L’élection de Miss Côte d’Ivoire a, une fois de plus, enflammé les passions. Bien que Fatim Koné ait été couronnée, de nombreux observateurs continuent de penser que la première dauphine aurait pu, voire dû, remporter le titre. Ce débat, loin d’être stérile, traduit l’attachement du public à ce concours devenu, au fil du temps, un miroir des sensibilités nationales. Certes, chaque jury a ses propres critères : prestance, éloquence, culture générale, beauté naturelle, entre autres. De leur côté, les internautes jugent avec leurs cœurs, leurs préférences, leurs coups de foudre spontanés. Et si l’on s’accorde à dire que la première dauphine n’a pas démérité, c’est bien parce qu’elle a su toucher les esprits, marquer les regards et graver son nom dans les mémoires. Elle n’a peut-être pas reçu la couronne, mais elle a gagné l’estime du public, et cela vaut parfois un grand titre. Personne n’a jamais nié sa beauté, ni contesté sa prestance. Mais une première dauphine, aussi brillante soit-elle, n’est pas la reine.
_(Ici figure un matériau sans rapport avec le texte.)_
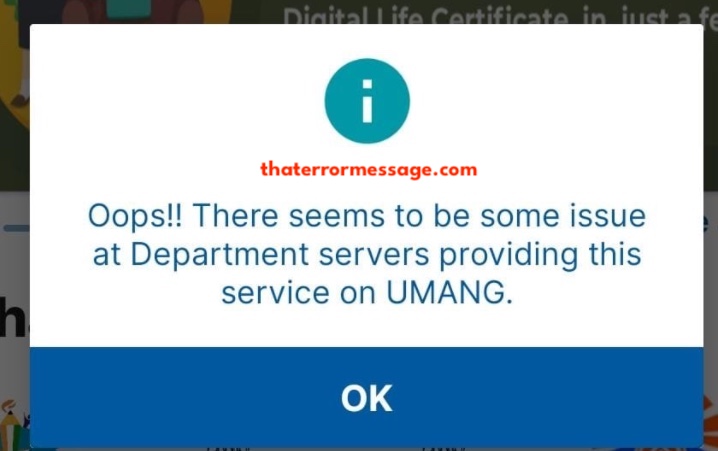 There Seems To Be Some Issue At Department Servers Umang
Le choix final appartient à ceux qui ont voté, à ceux qui ont tranché en conscience. Car si la Côte d’Ivoire ne manque pas de femmes magnifiques, il ne s’agit pas simplement de beauté. Le concours couronne une ambassadrice, une voix, une vision. Marie Axelle, cette deuxième dauphine dont on parle tant, est, en effet, très appréciée du COMICI. Elle est sollicitée, valorisée, honorée. Sa trajectoire ne s’arrête pas à un rang. Elle incarne une élégance rare, une grâce affirmée. Et si certains trouvent en elle une maturité jugée excessive pour le concours, d’autres y voient une force tranquille, une maturité assumée, une présence inspirante. À ceux qui crient au scandale, qui dénoncent un favoritisme ou un manque de transparence : avez-vous voté ? Avez-vous porté votre voix dans les urnes, ou seulement dans les commentaires ?
La critique, aussi légitime soit-elle, ne saurait remplacer l’action. Fatim Koné, quant à elle, avance avec douceur, telle une fleur qui éclot sous les projecteurs. Sa beauté est discrète mais puissante, sa lumière calme mais persistante. Elle a su séduire un jury exigeant et conquérir, à sa manière, le cœur de la nation. Le débat ne devrait pas être celui d’un rejet, mais d’un respect mutuel. Car la beauté ne se dicte pas, elle se ressent. Et si cette fois, le choix du jury ne fait pas l’unanimité, c’est peut-être parce qu’il touche un point sensible : nos goûts, nos biais, nos préférences intimes. Au fond, cette élection restera dans les mémoires non pas pour ses polémiques, mais pour les femmes qu’elle a révélées. Et à sa manière, la première dauphine, dans son éclat propre, a bel et bien gagné.